TASK DESCRIPTION: Take the lines below beginning at the line that has "Парфюмированная вода Laurent" and stopping after the line that has "ACTUATOR BV43", and print them exactly as they are, with no other lines.

[Stored items from a collection]
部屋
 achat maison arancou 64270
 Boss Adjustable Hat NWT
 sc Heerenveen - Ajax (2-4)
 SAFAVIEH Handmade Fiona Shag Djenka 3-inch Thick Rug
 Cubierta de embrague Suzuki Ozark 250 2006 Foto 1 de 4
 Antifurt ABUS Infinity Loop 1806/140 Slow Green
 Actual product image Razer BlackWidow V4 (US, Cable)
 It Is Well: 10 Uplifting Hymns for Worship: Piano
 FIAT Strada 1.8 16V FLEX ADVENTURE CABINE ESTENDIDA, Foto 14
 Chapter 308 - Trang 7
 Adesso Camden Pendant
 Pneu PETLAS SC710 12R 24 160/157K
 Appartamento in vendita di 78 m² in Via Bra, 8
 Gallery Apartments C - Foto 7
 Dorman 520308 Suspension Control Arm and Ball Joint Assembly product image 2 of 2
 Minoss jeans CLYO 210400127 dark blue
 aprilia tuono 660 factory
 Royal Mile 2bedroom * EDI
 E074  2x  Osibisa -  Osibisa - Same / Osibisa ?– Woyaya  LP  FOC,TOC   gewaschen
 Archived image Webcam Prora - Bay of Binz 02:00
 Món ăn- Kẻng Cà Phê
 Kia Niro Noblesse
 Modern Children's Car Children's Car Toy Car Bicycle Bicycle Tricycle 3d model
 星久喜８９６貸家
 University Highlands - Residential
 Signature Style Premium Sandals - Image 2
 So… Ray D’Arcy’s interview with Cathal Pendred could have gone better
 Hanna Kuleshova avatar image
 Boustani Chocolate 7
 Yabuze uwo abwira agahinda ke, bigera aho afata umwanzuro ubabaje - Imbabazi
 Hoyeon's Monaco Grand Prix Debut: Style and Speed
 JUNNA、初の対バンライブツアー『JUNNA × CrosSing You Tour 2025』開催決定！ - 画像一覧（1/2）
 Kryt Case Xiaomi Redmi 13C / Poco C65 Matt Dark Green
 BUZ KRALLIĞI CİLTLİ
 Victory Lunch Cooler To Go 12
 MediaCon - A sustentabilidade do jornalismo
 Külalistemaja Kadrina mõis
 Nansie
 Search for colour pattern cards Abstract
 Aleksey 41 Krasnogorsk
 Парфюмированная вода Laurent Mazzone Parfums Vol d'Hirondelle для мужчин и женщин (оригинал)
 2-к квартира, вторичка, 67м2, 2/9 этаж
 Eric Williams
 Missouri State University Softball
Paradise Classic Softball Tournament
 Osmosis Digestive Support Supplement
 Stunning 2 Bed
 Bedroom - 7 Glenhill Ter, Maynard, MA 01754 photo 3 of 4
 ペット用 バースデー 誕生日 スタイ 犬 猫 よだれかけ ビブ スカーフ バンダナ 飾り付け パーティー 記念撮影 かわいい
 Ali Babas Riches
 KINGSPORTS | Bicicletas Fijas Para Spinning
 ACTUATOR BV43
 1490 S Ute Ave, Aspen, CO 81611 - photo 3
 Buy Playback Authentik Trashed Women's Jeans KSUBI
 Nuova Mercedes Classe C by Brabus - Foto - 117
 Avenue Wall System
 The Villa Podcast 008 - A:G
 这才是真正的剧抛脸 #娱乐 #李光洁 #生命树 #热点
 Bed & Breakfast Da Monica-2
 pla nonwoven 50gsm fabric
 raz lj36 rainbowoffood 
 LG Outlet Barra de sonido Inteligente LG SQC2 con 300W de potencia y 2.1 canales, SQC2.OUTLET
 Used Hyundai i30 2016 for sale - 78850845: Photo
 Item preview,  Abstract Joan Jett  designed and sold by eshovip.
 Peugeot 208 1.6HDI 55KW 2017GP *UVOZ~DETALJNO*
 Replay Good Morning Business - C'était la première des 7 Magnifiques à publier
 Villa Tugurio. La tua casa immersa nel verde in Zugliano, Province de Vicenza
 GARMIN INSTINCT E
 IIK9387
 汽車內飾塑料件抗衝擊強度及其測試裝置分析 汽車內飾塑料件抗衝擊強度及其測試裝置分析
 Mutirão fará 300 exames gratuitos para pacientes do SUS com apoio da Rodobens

TASK ANSWER:
 Парфюмированная вода Laurent Mazzone Parfums Vol d'Hirondelle для мужчин и женщин (оригинал)
 2-к квартира, вторичка, 67м2, 2/9 этаж
 Eric Williams
 Missouri State University Softball
Paradise Classic Softball Tournament
 Osmosis Digestive Support Supplement
 Stunning 2 Bed
 Bedroom - 7 Glenhill Ter, Maynard, MA 01754 photo 3 of 4
 ペット用 バースデー 誕生日 スタイ 犬 猫 よだれかけ ビブ スカーフ バンダナ 飾り付け パーティー 記念撮影 かわいい
 Ali Babas Riches
 KINGSPORTS | Bicicletas Fijas Para Spinning
 ACTUATOR BV43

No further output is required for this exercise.